## Exercise goal
Pictures excluded, return the lines below from the first through the line holding "Copy of Ikes Boat 012.jpg".

## Data supplied
○ ○ ○ ○ ○ ○ ○
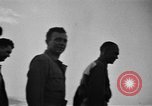 Image des prisonniers américains Philippines, 1945, de la seconde 13 séquences d'archives historiques vidéo 65675045824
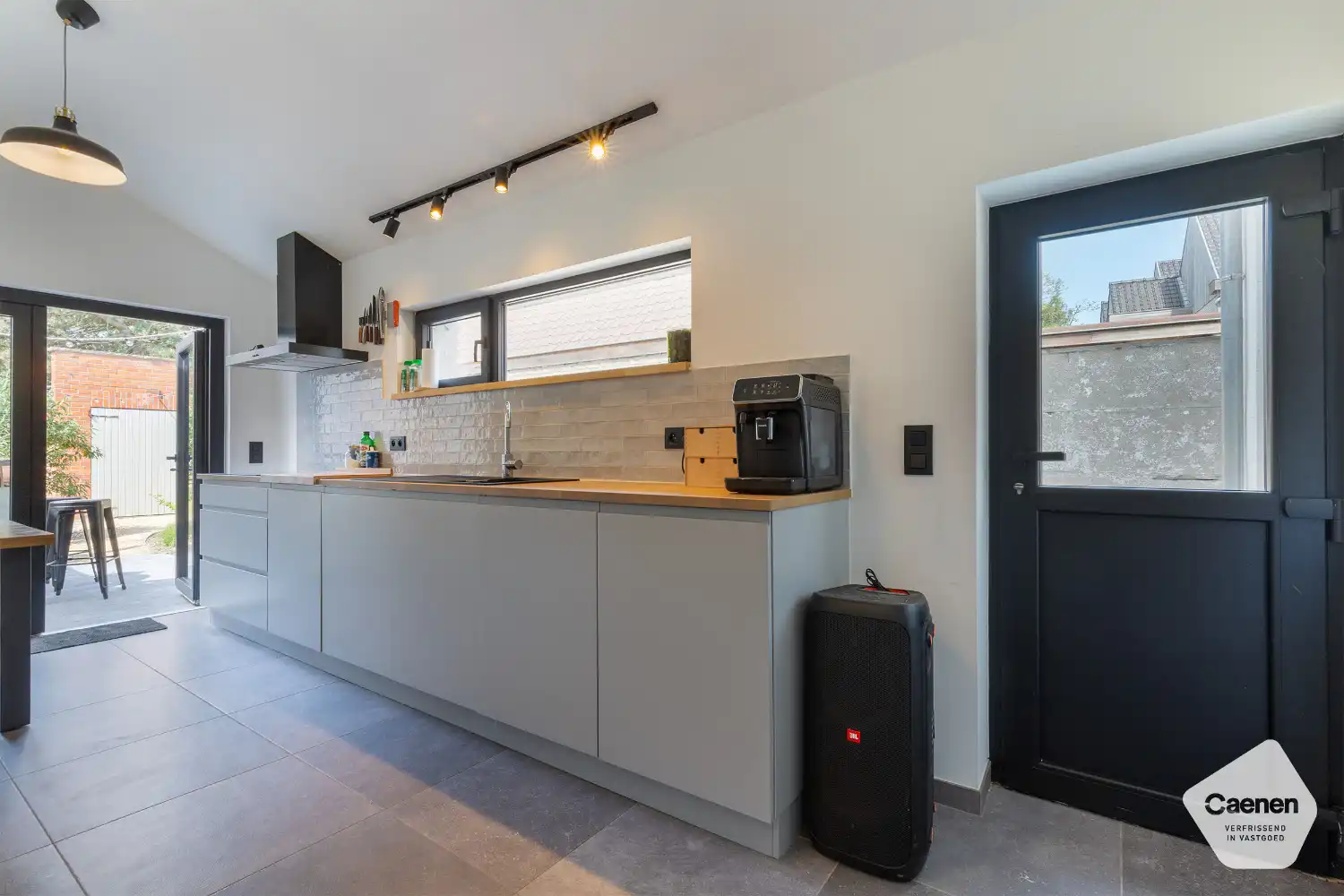 Volledig gerenoveerde woning in het hart van Assebroek met 3 mooie slaapkamers en prachtige tuin foto 2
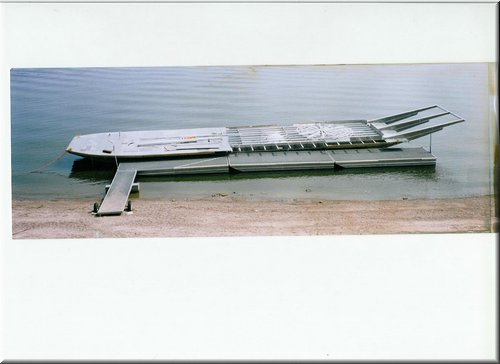Copy of Ikes Boat 012.jpg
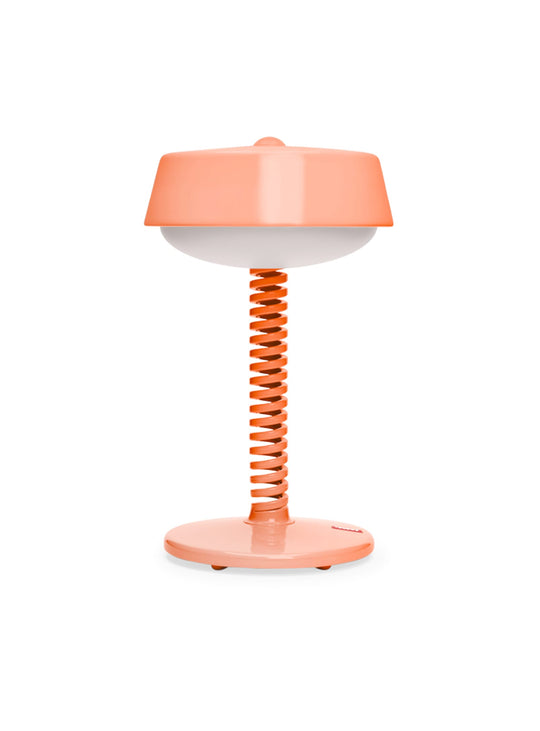 Bellboy de Fatboy : lampe de table rechargeable avec éclairage tactile pour créer une lumière douce et ajustable partout. Cherry Glow.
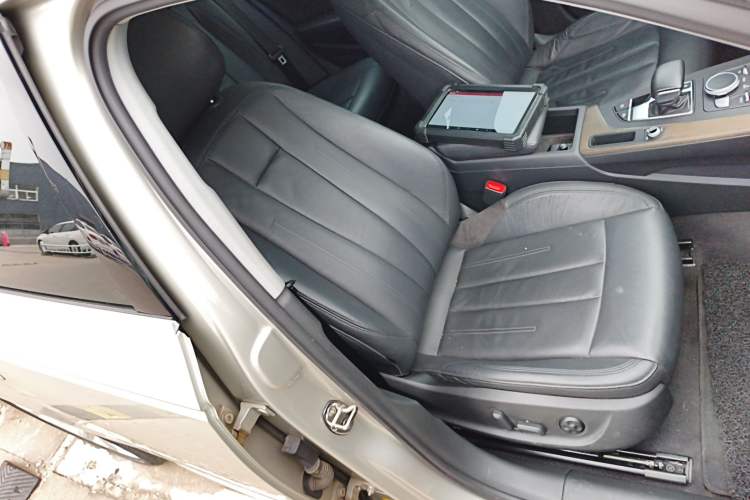 Used Audi A4L 2018 30th Anniversary Edition 40 TFSI Fashion Model
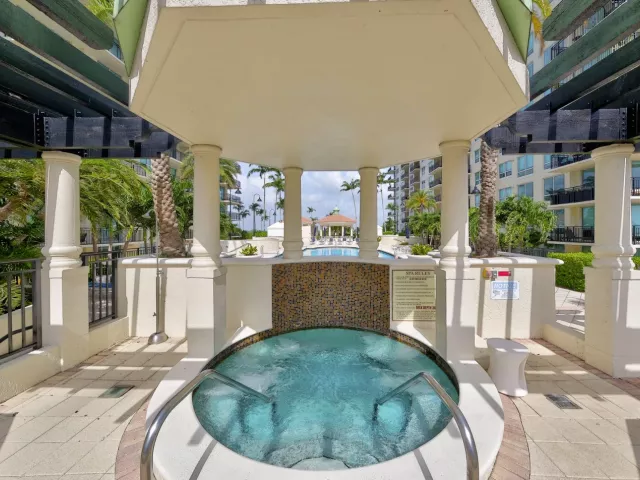 2-bedroom condo for sale in Fort Lauderdale - 610 W LAS OLAS Boulevard 1118N - MondialRealty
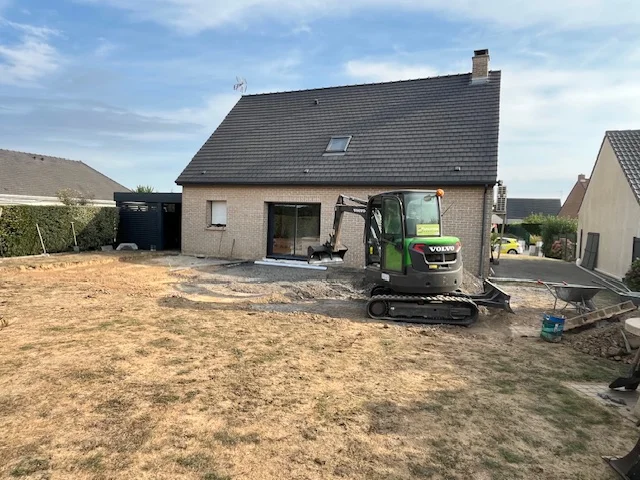 vue du décaissement du chantier véranda à Masnières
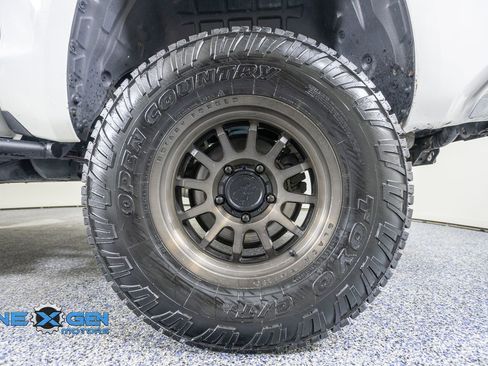 Used 2017 Toyota Tundra SR5 w/ SR5 Upgrade Package AWD/4WD image 49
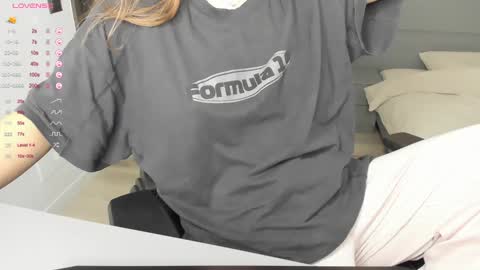 Snapshot of gigihadd chatting on December 30, 2024, 8:58 pm gigihadd online show from December 30, 2024, 8:58 pm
○ ○ ○ ○ ○ ○ ○
## Exercise response
 Image des prisonniers américains Philippines, 1945, de la seconde 13 séquences d'archives historiques vidéo 65675045824
 Volledig gerenoveerde woning in het hart van Assebroek met 3 mooie slaapkamers en prachtige tuin foto 2
Copy of Ikes Boat 012.jpg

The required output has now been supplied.